Sam Kirk ’05
Artist. Entrepreneur. Activist.
Sam Kirk changed course from advertising pro to full-time artist in 2010—and she hasn’t looked back.
In 2010, Sam Kirk ’05 left a successful career in advertising to pursue art full time. Her work, which inspires pride for underrepresented communities, ranges from mixed media to large-scale murals. She’s received commissions from clients including Don Julio, Red Bull, Toyota and the City of Chicago.
Here, Kirk talks about her shift from advertising pro to full-time fine artist.
On when she realized she could paint for a living:
I’d been working in advertising for about seven years. I had an office, and the company had given me some corporate art that I hated. I took it all down and put up my own paintings. The people I worked with really liked my work—someone even set up a show in the building.
It had never been on my radar to become a fine artist, but once people started buying artwork, I thought, “Maybe I’ll put some work in a gallery.” I did, and it took off from there. I was featured in Chicago Artists Month in 2010 and received several commissions.
On taking the plunge into full-time artmaking:
It was a strange time, because I had just been featured as one of the top six account executives at Draftfcb. My advertising career was in a really, really good place, and I decided to leave. Most people thought I was nuts.
I thought, “I know I love advertising. I know I’m good at it. If the art doesn’t work, then I can always come back.” So far so good. I left in summer of 2010, and I’ve been doing art full time ever since.
On using her marketing skills as an artist:
Today, my work is much more personal than selling laundry detergent or a can of soda but [my marketing background] has helped me with many of the business components of running a business and selling art. I know how to plan budgets, prepare proposals, and work with brands and corporations while remaining true to myself in the kind of work I want to produce. I appreciate my marketing background, but the work I do today—commercial, community or privately—is more satisfying. It’s more about a connection with people and their culture.
On her latest favorite work, a 15-by-40-foot mural in Chicago’s Pilsen neighborhood:
I finished a mural with friend and artist Sandra Antongiorgi called Weaving Cultures, which celebrates women and multicultural perspectives. (Listen to her interview with WBEZ about the mural.) It’s the first time I’ve collaborated with any other artist on that scale, and the outcome was amazing.

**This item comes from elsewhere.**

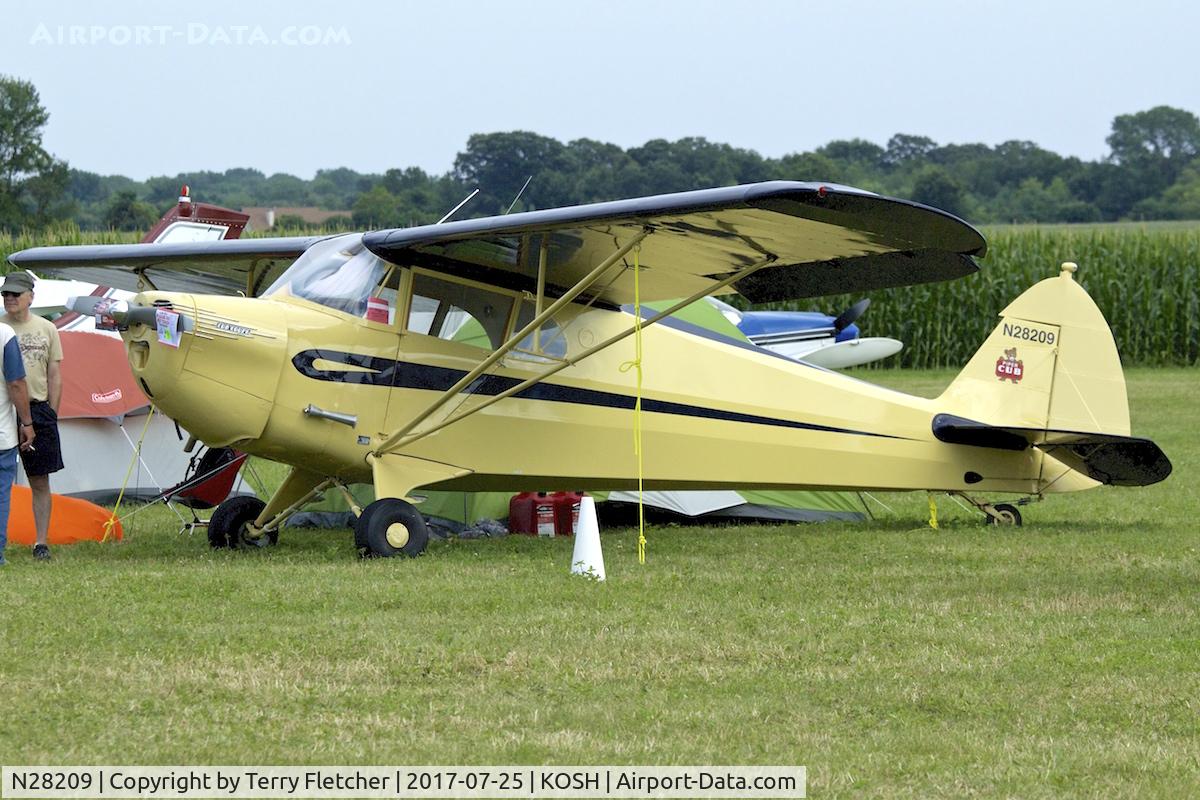 N28209, 1940 Piper J4A C/N 4-1135, at 2017 AirVenture at Oshkosh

Sandra and I are both women of color, and there are things that come up in conversation about our communities that we wish didn’t. There is constant discrimination on simple things, like our hair or the way our noses and lips look. This is who we are, and we wanted to make sure the representations of the women in the mural captured these features while highlighting their culture in a really beautiful way.
After painting some of the women on the wall, we thought, “Maybe her lips should be different, or she should have a head wrap, or we should include an older woman instead of all young women.” The sketch that we developed is drastically different than what’s on the wall. It was a very organic process.